Kimball (Dimensional Modeling)
Kimball’s approach uses a star schema with two main types of tables:
- Fact Tables: Store measurable events (sales amount, quantity sold, order totals). These are the “what happened” of your business.
- Dimension Tables: Store descriptive context (customer info, product details, dates). These answer “who, what, where, when.”
The star schema looks like this:
dim_customers
|
|
dim_products -- fact_sales -- dim_time
|
|
dim_locations
Example tables:
| fact_sales | ||||
|---|---|---|---|---|
| date_key | customer_key | product_key | quantity | sales_amount |
| 20240115 | 101 | 42 | 2 | 59.98 |
| dim_customers | ||
|---|---|---|
| customer_key | name | city |
| 101 | Alice | Houston |
| dim_products | |||
|---|---|---|---|
| product_key | product_name | category | price |
| 42 | Widget A | Gadgets | 29.99 |
| dim_date | ||
|---|---|---|
| date_key | date | month |
| 20240115 | 2024-01-15 | January |
Sample query - “Total sales by city by category”:
SELECT dc.city, dp.category, SUM(fs.sales_amount) AS total_sales
FROM fact_sales fs
JOIN dim_customers dc ON fs.customer_key = dc.customer_key
JOIN dim_products dp ON fs.product_key = dp.product_key
GROUP BY dc.city, dp.category;
4 tables, 2 joins, reads like English, and business-user friendly!
Inmon (3rd Normal Form)
Inmon’s approach uses a 3rd Normal Form (3NF) structure, focusing on data integrity and reducing redundancy. The data is organized into many related tables, which can make querying more complex.

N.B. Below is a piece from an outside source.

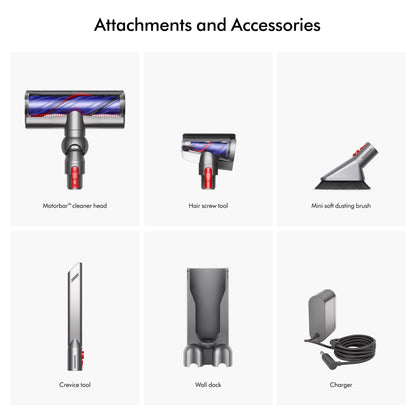 Dyson V11 Origin cordless vacuum, 185AW suction, up to 60 min runtime, converts to handheld.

The 3NF schema looks like this:
customers categories
| |
v v
orders products
| |
+-----> order_lines <----+
Example tables:
| customers | ||
|---|---|---|
| customer_id | name | city |
| 101 | Alice | Houston |
| products | ||
|---|---|---|
| product_id | product_name | category_id |
| 42 | Widget A | 1 |
| categories | |
|---|---|
| category_id | category_name |
| 1 | Gadgets |
| orders | ||
|---|---|---|
| order_id | customer_id | order_date |
| 1001 | 101 | 2024-01-15 |
| order_lines | ||||
|---|---|---|---|---|
| order_line_id | order_id | product_id | quantity | unit_price |
| 1 | 1001 | 42 | 2 | 29.99 |
Sample query - “Total sales by city by category”:
SELECT c.city, cat.category_name, SUM(ol.quantity * ol.unit_price) AS total_sales
FROM order_lines ol
JOIN orders o ON ol.order_id = o.order_id
JOIN customers c ON o.customer_id = c.customer_id
JOIN products p ON ol.product_id = p.product_id
JOIN categories cat ON p.category_id = cat.category_id
GROUP BY c.city, cat.category_name;
5 tables, 4 joins, more complex and harder for business users to understand.
Key Differences
| Aspect | 3NF | Dimensional |
|---|---|---|
| Goal | Data integrity | Query simplicity |
| Redundancy | Minimal | Intentional |
| Joins | Many | Few |
| Primary Users | Engineers | Analysts |
| Typical Layer | Central warehouse | Data marts |
The fundamental distinction: In 3NF, relationships describe how entities depend on each other. In a star schema, relationships exist only to describe facts.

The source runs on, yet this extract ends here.